[Narrative of the Voyages Round the World, Performed by Captain James Cook: with an Account of His Life During the Previous and Intervening Periods by Andrew Kippis]@TWC D-Link bookNarrative of the Voyages Round the World, Performed by Captain James Cook: with an Account of His Life During the Previous and Intervening Periods CHAPTER VII 33/75
Both these presents were highly acceptable to the great personages to whom they were transmitted.
The French king expressed his satisfaction in a very handsome letter to the Royal Society, signed by himself, and undersigned by the Marquis de Vergennes; and the Empress of Russia commissioned Count Osterman to signify to Mr.Fitzherbert the sense she entertained of the value of the present, and that she had caused it to be forthwith deposited in the Museum of the Imperial Academy of Sciences.

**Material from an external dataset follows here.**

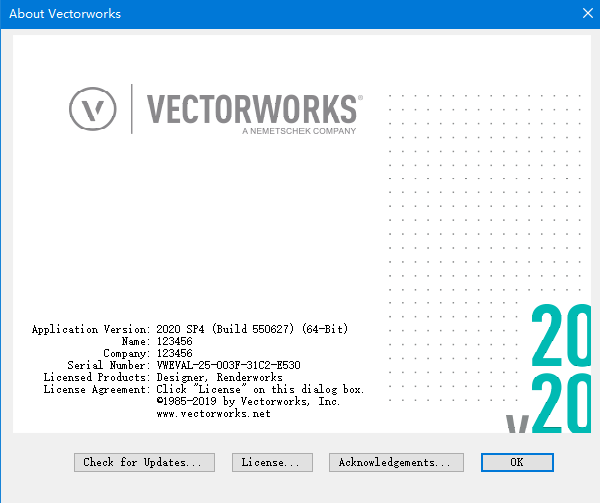 Vectorworks 2020 SP4破解版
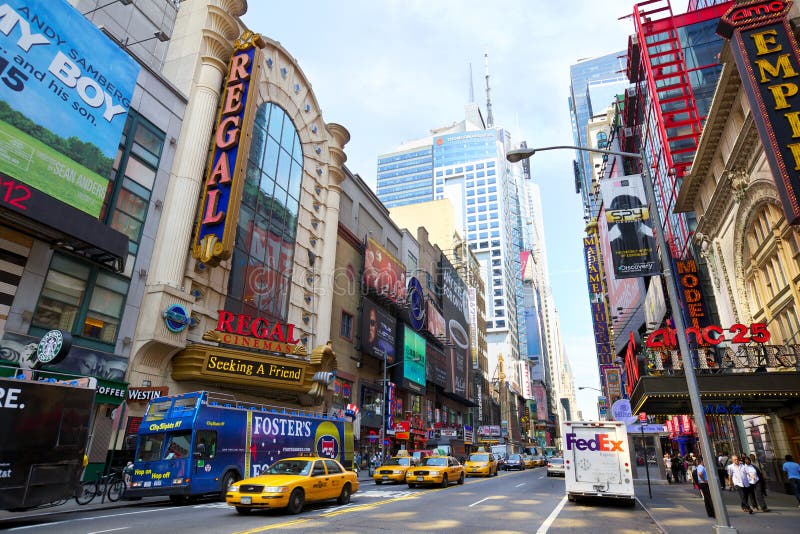 Taxis On 42nd Street Near Grand Central Terminal, New York City, NYC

As a farther testimony of the pleasure she derived from it, the Empress presented to the Royal Society a large and beautiful gold medal, containing on one side the effigies of herself, and on the reverse a representation of the statue of Peter the Great. After the general assignment of the medals (which took place in the spring of the year 1784), there being a surplus of money still remaining, the president and council resolved, that an additional number should be struck off in gold, to be disposed of as presents to Mrs.Cook, the Earl of Sandwich, Dr.Benjamin Franklin, Dr.Cooke, provost of King's College, Cambridge, and Mr.Planta.About the same time it was agreed, that Mr.Aubert should be allowed to have a gold medal of Captain Cook, on his paying for the gold, and the expense of striking it: in consideration of his intention to present it to the King of Poland. During the two visits of the Resolution and Discovery at Kamtschatka, it was from Colonel Behm, the commandant of that province, that the ships, and the officers and men belonging to them, had received every kind of assistance which it was in his power to bestow.
His liberal and hospitable behaviour to the English navigators is related at large in Captain King's Voyage.
Such was the sense entertained of it by the Lords of the Admiralty, that they determined to make a present to the colonel, of a magnificent piece of plate, with an inscription expressive of his humane and generous disposition and conduct.